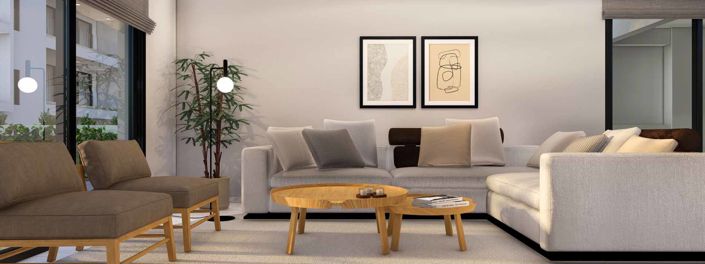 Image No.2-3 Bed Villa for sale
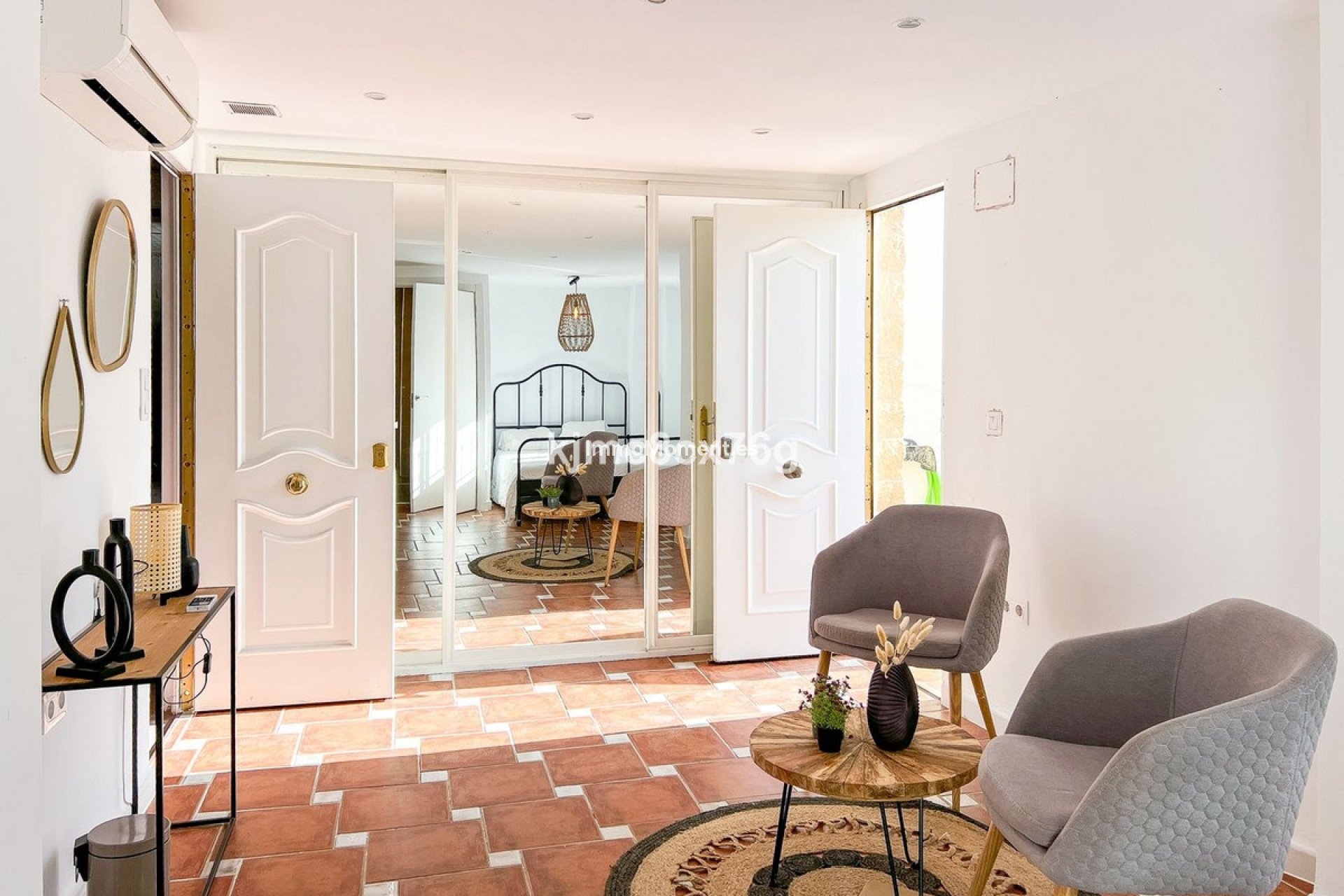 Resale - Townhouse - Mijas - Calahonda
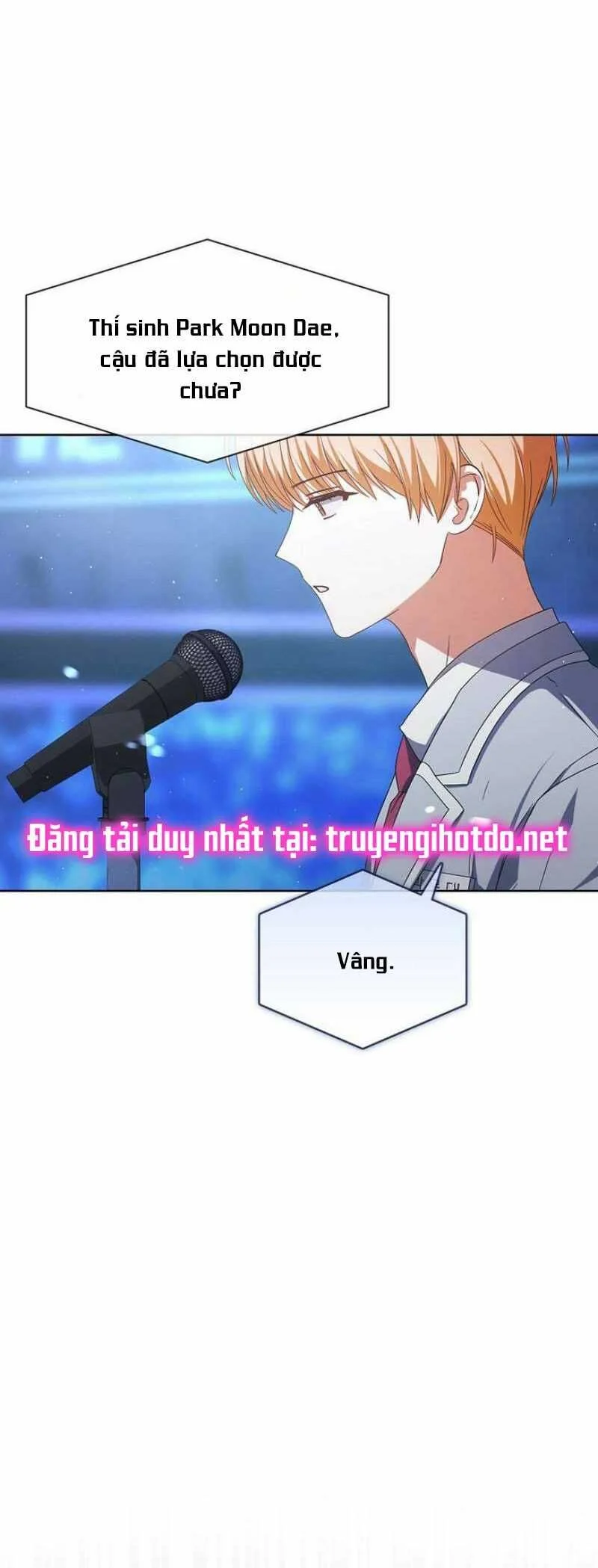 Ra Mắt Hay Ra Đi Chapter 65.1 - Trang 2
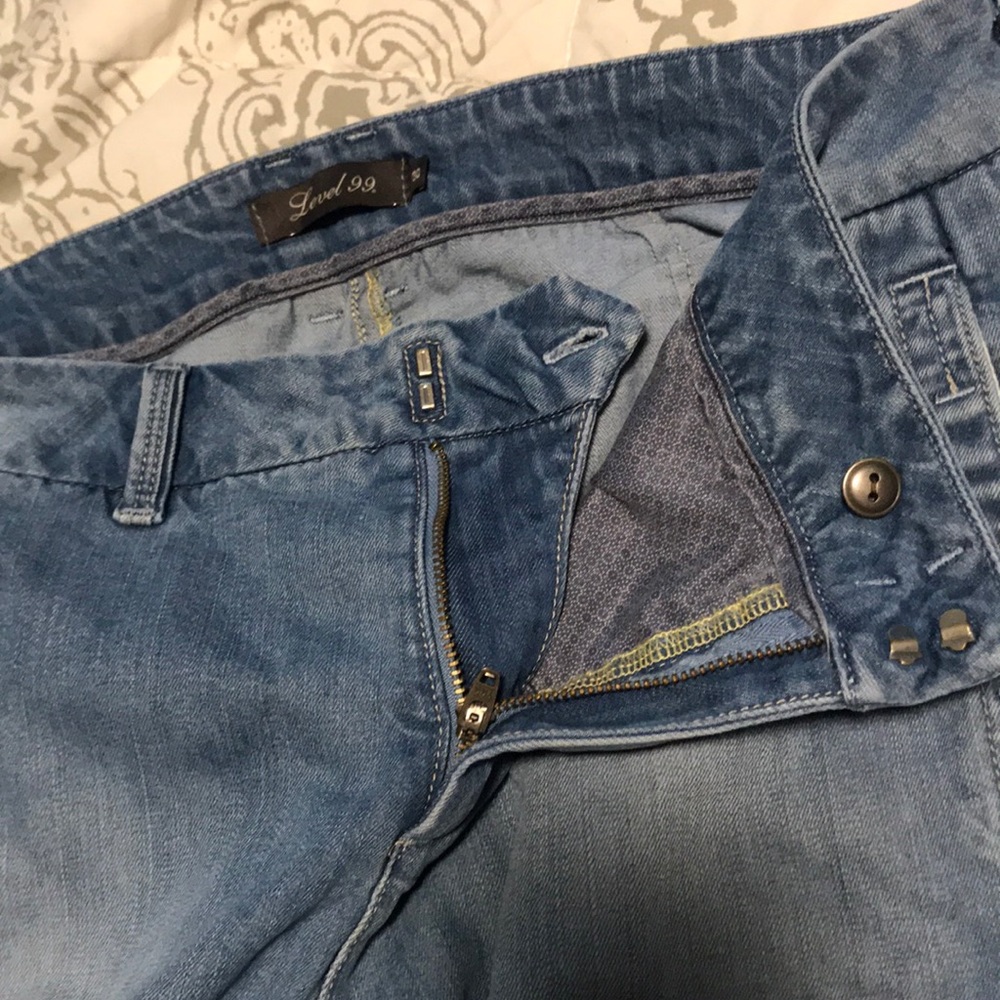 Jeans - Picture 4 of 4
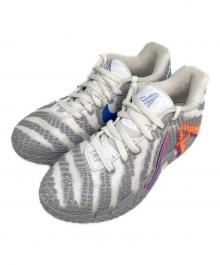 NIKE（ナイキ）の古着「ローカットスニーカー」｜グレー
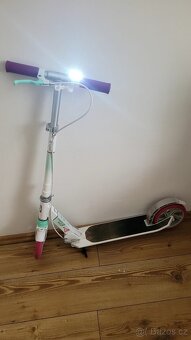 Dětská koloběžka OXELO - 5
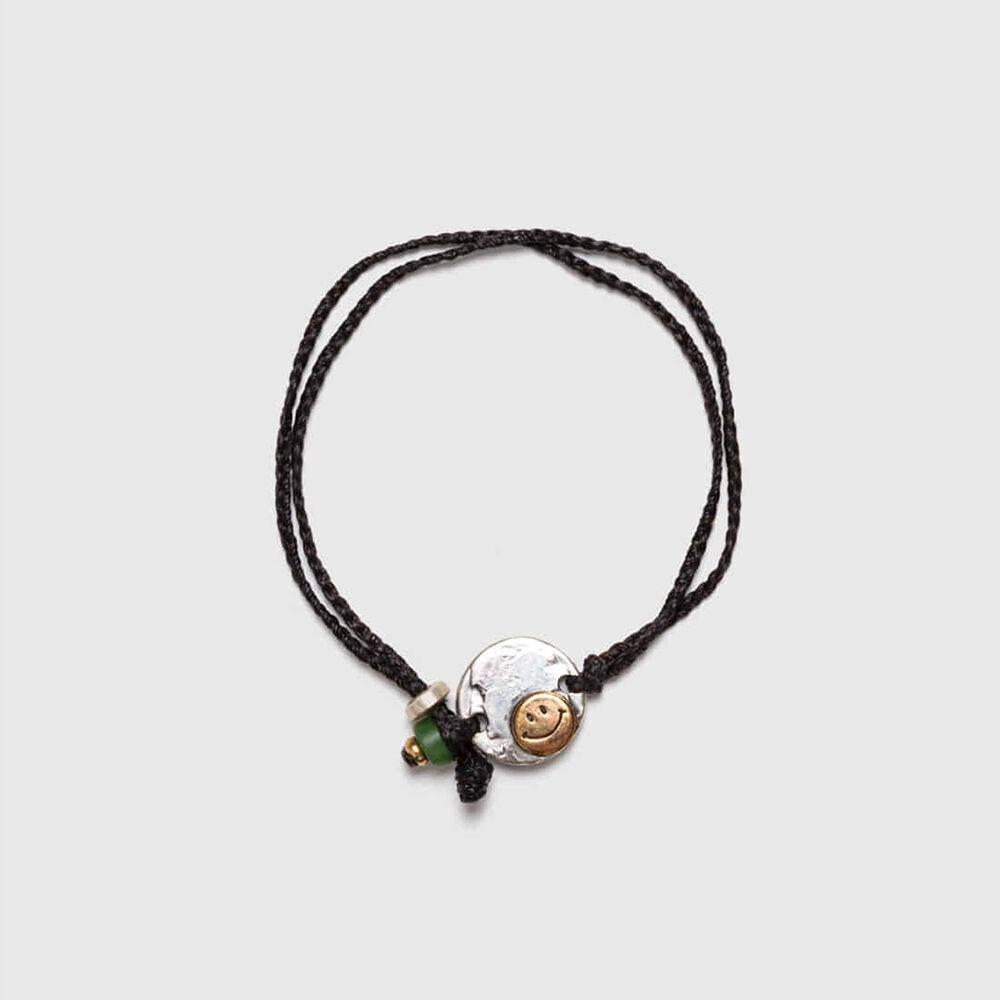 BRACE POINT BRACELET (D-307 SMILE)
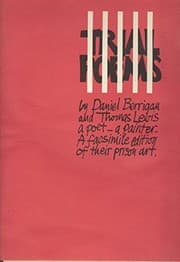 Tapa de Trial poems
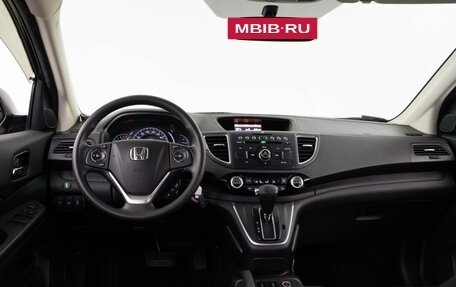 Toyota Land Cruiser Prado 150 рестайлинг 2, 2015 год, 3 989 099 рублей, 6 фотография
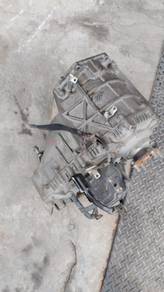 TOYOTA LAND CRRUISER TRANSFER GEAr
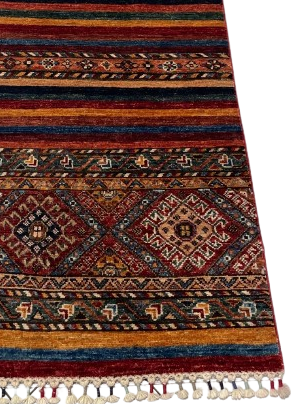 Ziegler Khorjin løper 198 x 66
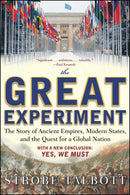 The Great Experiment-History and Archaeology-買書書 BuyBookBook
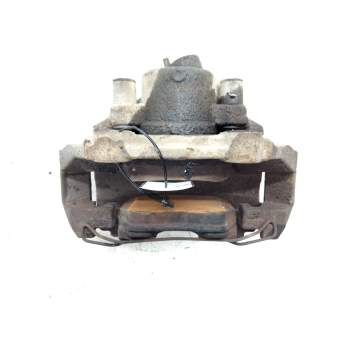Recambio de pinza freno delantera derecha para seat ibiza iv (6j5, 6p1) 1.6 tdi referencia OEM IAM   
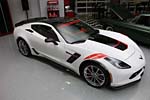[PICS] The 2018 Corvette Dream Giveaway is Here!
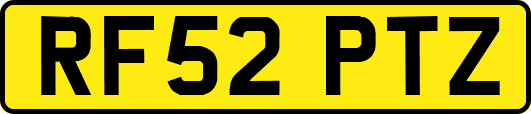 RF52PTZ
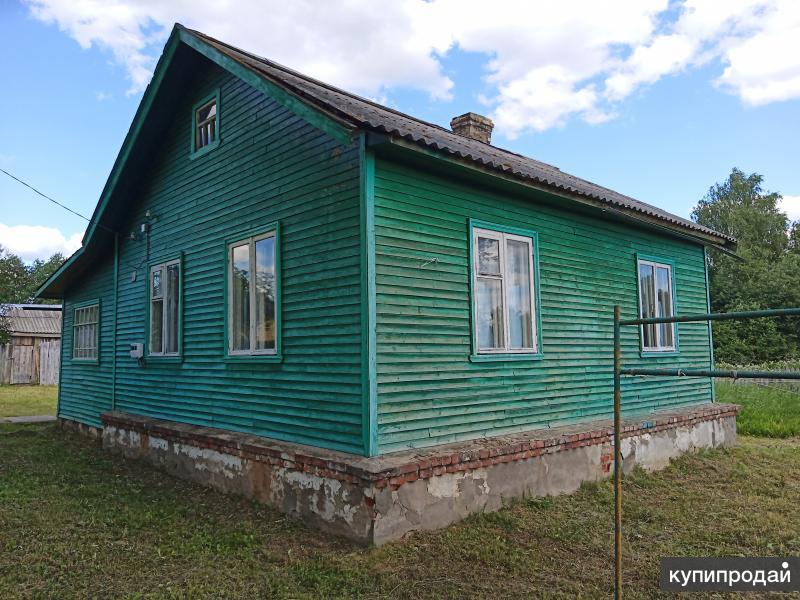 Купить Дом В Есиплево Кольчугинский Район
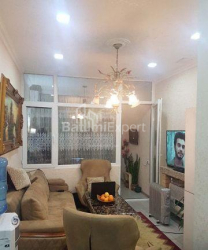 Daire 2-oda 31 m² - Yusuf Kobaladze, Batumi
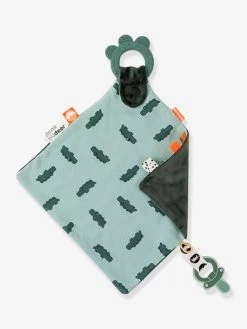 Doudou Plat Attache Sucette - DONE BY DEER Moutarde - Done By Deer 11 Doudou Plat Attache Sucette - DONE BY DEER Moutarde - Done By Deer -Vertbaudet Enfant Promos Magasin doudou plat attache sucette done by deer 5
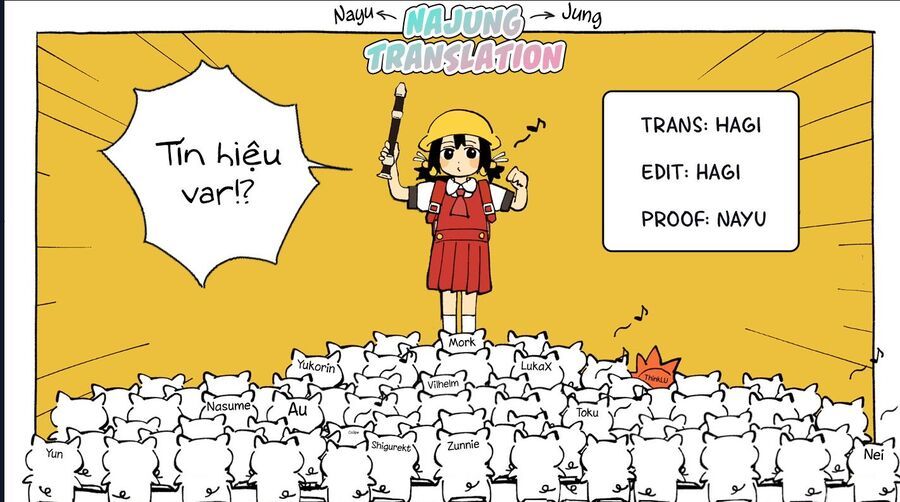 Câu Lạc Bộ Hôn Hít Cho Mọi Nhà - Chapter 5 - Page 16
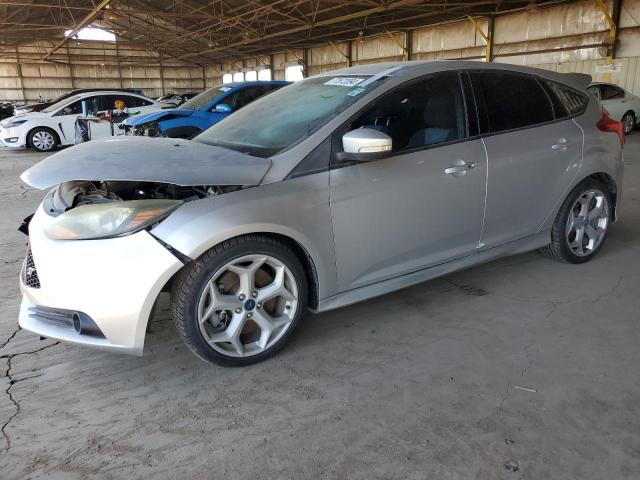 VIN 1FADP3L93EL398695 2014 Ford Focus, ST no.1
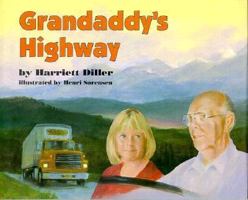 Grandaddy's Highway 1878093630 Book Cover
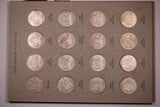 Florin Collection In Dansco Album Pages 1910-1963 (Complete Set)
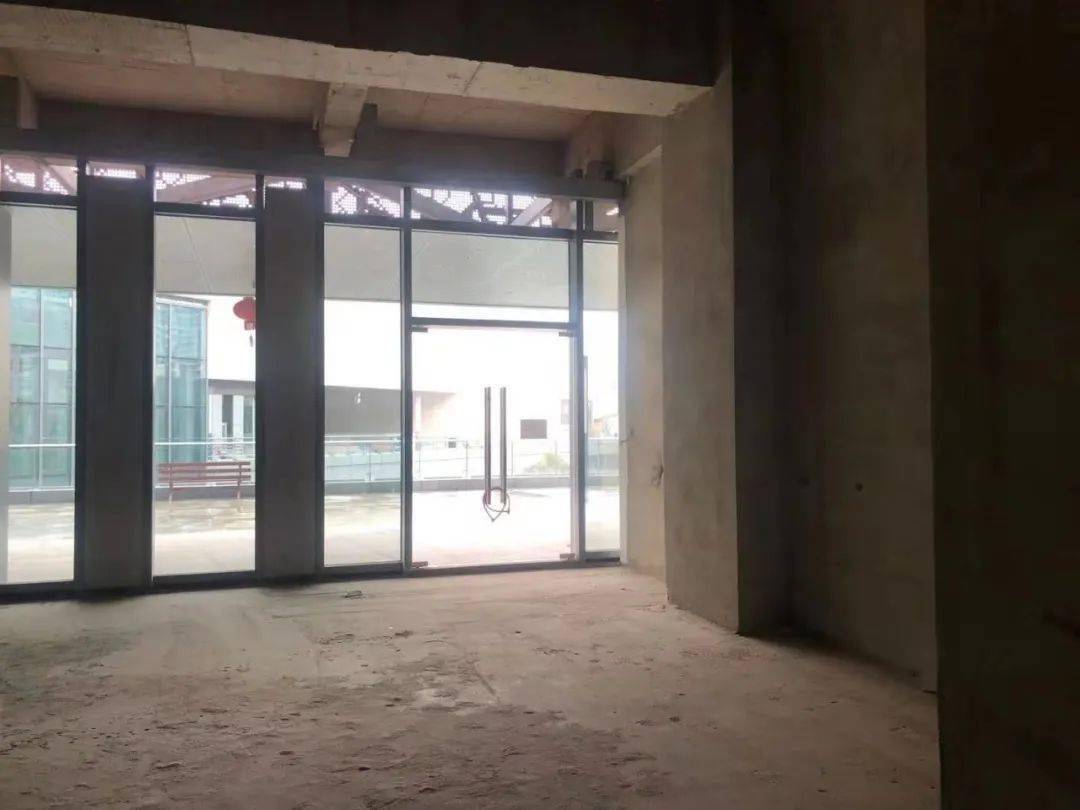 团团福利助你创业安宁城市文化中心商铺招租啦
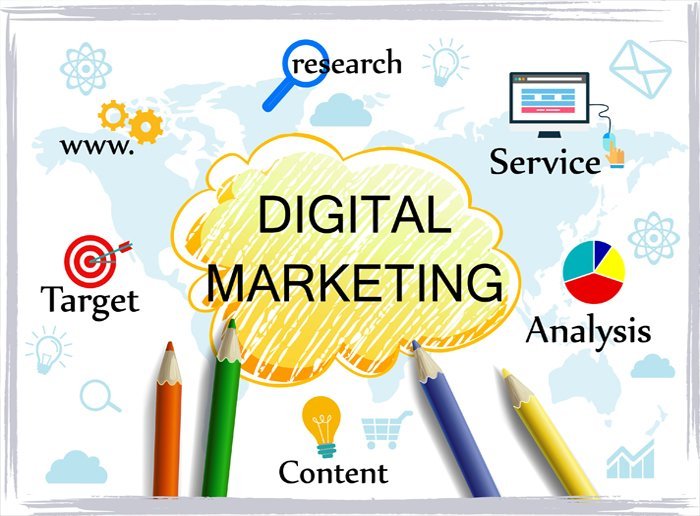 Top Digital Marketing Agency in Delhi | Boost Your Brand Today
▬▬▬▬▬▬▬▬▬▬
Work to be completed:
Set down the material exactly, every line of it, except for the pictures.

Exercise result:
 Image No.2-3 Bed Villa for sale
 Resale - Townhouse - Mijas - Calahonda
 Ra Mắt Hay Ra Đi Chapter 65.1 - Trang 2
 Jeans - Picture 4 of 4
 NIKE（ナイキ）の古着「ローカットスニーカー」｜グレー
 Dětská koloběžka OXELO - 5
 BRACE POINT BRACELET (D-307 SMILE)
 Tapa de Trial poems
 Toyota Land Cruiser Prado 150 рестайлинг 2, 2015 год, 3 989 099 рублей, 6 фотография
 TOYOTA LAND CRRUISER TRANSFER GEAr
 Ziegler Khorjin løper 198 x 66
 The Great Experiment-History and Archaeology-買書書 BuyBookBook
Recambio de pinza freno delantera derecha para seat ibiza iv (6j5, 6p1) 1.6 tdi referencia OEM IAM   
[PICS] The 2018 Corvette Dream Giveaway is Here!
 RF52PTZ
 Купить Дом В Есиплево Кольчугинский Район
 Daire 2-oda 31 m² - Yusuf Kobaladze, Batumi
 Doudou Plat Attache Sucette - DONE BY DEER Moutarde - Done By Deer 11 Doudou Plat Attache Sucette - DONE BY DEER Moutarde - Done By Deer -Vertbaudet Enfant Promos Magasin doudou plat attache sucette done by deer 5
 Câu Lạc Bộ Hôn Hít Cho Mọi Nhà - Chapter 5 - Page 16
 VIN 1FADP3L93EL398695 2014 Ford Focus, ST no.1
 Grandaddy's Highway 1878093630 Book Cover
 Florin Collection In Dansco Album Pages 1910-1963 (Complete Set)
 团团福利助你创业安宁城市文化中心商铺招租啦
 Top Digital Marketing Agency in Delhi | Boost Your Brand Today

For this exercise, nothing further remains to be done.